The state of Bitcoin mining in Kazakhstan
Kazakhstan has wreaked havoc on the bitcoin mining industry as an energy crisis sparked a series of protests and political instability last week. Russia has reportedly sent “peacekeeping forces” to the Central Asian country at the behest of President Kassym-Jomart Tokayev, a move that sparked a revolt across the region. Besides rising gas prices, Kazakhstan’s current intermittent energy and internet access have caused bitcoin mining operations to be unstable there, hurting the hash rate of the wider Bitcoin network. – a estimated at 18% of which was hosted in the Central Asian country in July 2021.

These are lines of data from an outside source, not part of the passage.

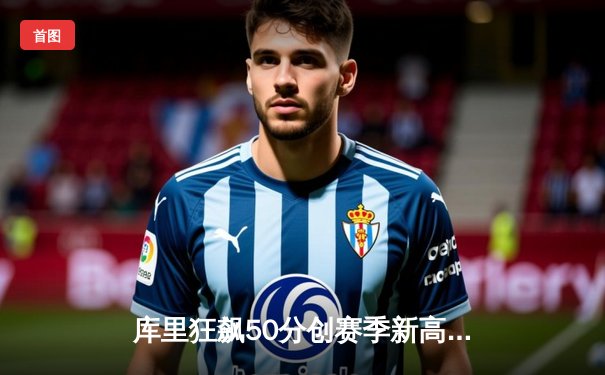 库里狂飙50分创赛季新高，勇士加时险胜绿衫军巩固西部榜首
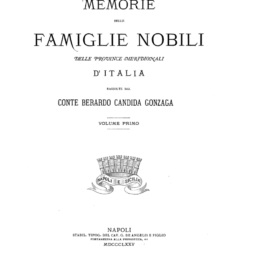 Memorie delle famiglie nobili delle province meridionali d’Italia raccolte dal Berardo Candida Gonzaga Vol.1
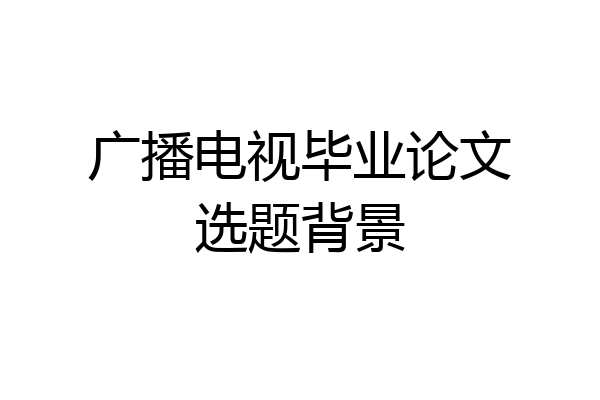 广播电视毕业论文选题背景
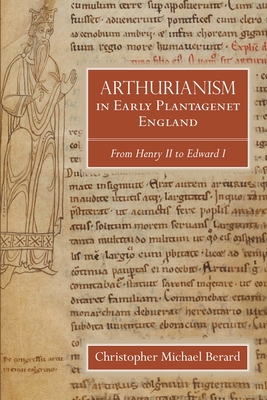 Arthurianism in Early Plantagenet England: From Henry II to Edward I (Arthurian Studies #88) Cover Image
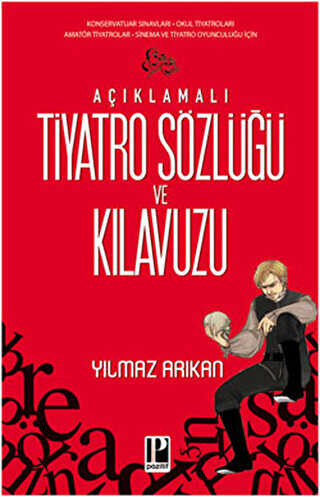 Açıklamalı Tiyatro Sözlüğü ve Kılavuzu - Pozitif Yayınları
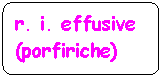 Flowchart: Alternate Process: r. i. effusive (porfiriche)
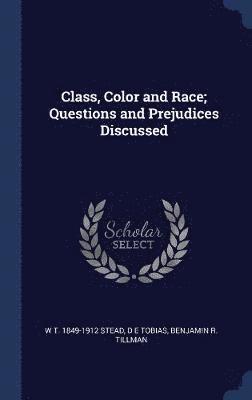 Class, Color and Race; Questions and Prejudices Discussed 1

Didar Bekbau, co-founder of Kazakhstan-based bitcoin mining company Xive, explained in a Twitter feed that despite a broader negative sentiment regarding the future of bitcoin mining in the country, the current situation should be temporary as he expects Kazakhstan to be a long-term “mining port”.
“There is enormous potential to build a new generation of electricity [in Kazakhstan]”Bekbau said, adding that the outlook is good for both traditional and renewable energy sources. However, he stressed that political stability and foreign capital are essential for moving the industry forward in the Central Asian country. .

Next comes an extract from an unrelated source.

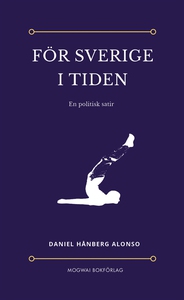 För Sverige i tiden (e-bok) av Daniel Hånberg A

Concerns have also been raised about the safety of bitcoin mining farms as riots clash with police forces in violent clashes, but Bekbau said these conflicts have mostly taken place in the south of the country as mining operations continue. is concentrated in the central and northern regions.
“It’s a pretty safe situation for mining sites and facilities,” Bekbau said.

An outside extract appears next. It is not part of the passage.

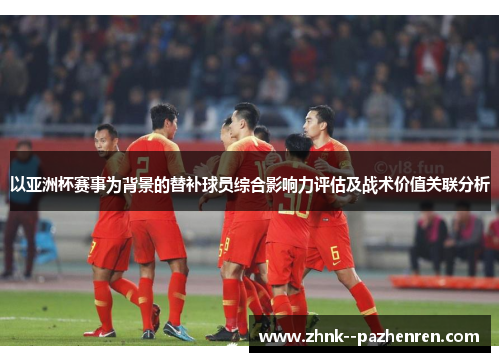 以亚洲杯赛事为背景的替补球员综合影响力评估及战术价值关联分析 以亚洲杯赛事为背景的替补球员综合影响力评估及战术价值关联分析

According to the miner, the main problem for the mining industry in Kazakhstan remains internet access. After the protests, Tokayev declared a nationwide state of emergency, cutting off phone and internet access across the country, The Washington Post reported. According to the report, Tokayev initially responded favorably to popular discontent, agreeing to lower fuel prices, but as the protests escalated his position quickly changed, attributing the unrest to outside “conspirators” and by calling on the Russian-led Collective Security Treaty Organization for troops to help with what he called a “counterterrorism operation.”
Around 6,000 people have been arrested and 164 killed as Russian troops act on Tokayev’s order on Friday for security forces to “shoot to kill without warning” as the president says foreigners are behind the turmoil, the Financial Time reported Monday.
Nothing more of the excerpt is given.